───── Supplied data

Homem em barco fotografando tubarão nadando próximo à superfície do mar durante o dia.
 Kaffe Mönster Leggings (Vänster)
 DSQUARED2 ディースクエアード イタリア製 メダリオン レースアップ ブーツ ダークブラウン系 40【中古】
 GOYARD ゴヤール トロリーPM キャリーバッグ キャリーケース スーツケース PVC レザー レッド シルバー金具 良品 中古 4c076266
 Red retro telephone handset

──────────

#### Assigned task:
Retype the records above without changing a single word.

#### Reply:
Homem em barco fotografando tubarão nadando próximo à superfície do mar durante o dia.
 Kaffe Mönster Leggings (Vänster)
 DSQUARED2 ディースクエアード イタリア製 メダリオン レースアップ ブーツ ダークブラウン系 40【中古】
 GOYARD ゴヤール トロリーPM キャリーバッグ キャリーケース スーツケース PVC レザー レッド シルバー金具 良品 中古 4c076266
 Red retro telephone handset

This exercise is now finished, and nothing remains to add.